Landesbischof spricht sich für Gründung eines islamischen Wohlfahrtsverbands aus

Nachricht 01. Dezember 2014

Meister befürwortet auch Öffnung evangelischer Einrichtungen für Muslime

Osnabrück (epd). Der hannoversche Landesbischof Ralf Meister hat die Forderungen der Muslime nach einem eigenen Wohlfahrtsverband und nach einer Öffnung evangelischer Einrichtungen für muslimische Arbeitskräfte unterstützt.
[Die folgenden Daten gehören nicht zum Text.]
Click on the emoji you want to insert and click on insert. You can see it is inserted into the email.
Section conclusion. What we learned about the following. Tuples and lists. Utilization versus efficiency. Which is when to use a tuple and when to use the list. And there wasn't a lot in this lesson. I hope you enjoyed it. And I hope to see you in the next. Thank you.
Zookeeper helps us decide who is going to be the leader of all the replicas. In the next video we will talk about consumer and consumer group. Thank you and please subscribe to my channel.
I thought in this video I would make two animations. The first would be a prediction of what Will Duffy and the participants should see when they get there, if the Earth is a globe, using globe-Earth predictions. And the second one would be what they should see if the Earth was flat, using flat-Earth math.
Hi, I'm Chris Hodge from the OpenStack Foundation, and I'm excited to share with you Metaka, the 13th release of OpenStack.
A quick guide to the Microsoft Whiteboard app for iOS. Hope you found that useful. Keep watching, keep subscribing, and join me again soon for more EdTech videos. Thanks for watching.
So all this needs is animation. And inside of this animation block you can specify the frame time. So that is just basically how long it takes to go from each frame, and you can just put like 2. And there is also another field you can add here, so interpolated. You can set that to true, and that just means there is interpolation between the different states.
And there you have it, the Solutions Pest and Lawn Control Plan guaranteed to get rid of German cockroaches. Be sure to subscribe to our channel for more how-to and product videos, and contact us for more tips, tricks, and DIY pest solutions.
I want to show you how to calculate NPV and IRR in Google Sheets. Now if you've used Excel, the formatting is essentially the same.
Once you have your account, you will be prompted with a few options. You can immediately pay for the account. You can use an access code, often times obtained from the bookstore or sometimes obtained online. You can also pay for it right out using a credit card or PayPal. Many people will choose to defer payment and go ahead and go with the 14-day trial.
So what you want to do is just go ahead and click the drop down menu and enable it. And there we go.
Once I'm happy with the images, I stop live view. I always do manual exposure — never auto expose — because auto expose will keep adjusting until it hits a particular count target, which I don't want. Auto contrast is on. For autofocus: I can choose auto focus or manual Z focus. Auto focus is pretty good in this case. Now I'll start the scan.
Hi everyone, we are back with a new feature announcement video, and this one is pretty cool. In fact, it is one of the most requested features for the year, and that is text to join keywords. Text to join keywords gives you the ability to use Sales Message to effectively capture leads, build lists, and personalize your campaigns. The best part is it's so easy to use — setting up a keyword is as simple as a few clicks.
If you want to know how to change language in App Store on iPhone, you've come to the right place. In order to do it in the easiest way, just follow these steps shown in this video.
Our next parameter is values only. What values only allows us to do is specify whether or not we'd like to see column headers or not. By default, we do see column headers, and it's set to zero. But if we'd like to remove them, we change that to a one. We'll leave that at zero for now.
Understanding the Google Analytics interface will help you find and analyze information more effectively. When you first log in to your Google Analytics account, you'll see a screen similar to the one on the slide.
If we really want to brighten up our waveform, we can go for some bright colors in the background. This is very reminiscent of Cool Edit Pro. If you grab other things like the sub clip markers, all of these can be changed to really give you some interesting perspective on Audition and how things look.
Allerdings dürfe nicht der Fachkräftemangel der Motor, dafür sein, dass etwa muslimische Krankenschwestern in diakonischen Kliniken eingestellt werden, sagte Meister am Montag in Osnabrück: "Es müssen vielmehr grundlegende theologische Überlegungen angestellt werden, warum es in einer multireligiösen Gesellschaft sinnvoll sein kann, zum Beispiel muslimische Erzieherinnen in einer überwiegend von muslimischen Kindern besuchten Kita zu beschäftigen."

In der evangelischen Kirche in Deutschland werde derzeit intensiv über die Loyalitätsrichtlinie diskutiert, betonte der Bischof bei einem Besuch des Instituts für Islamische Theologie. Sie schreibe vor, dass Mitarbeiter einer evangelischen Einrichtung auch einer christlichen Kirche angehören müssten. Diese Debatte sei nicht einfach, weil sie eine Herausforderung für die eigene religiöse Überzeugung sei. Die Gründung eines muslimischen Wohlfahrtsverbandes würde er begrüßen, sagte Meister. Wichtig wäre dann eine enge Zusammenarbeit mit den christlichen Wohlfahrtsverbänden.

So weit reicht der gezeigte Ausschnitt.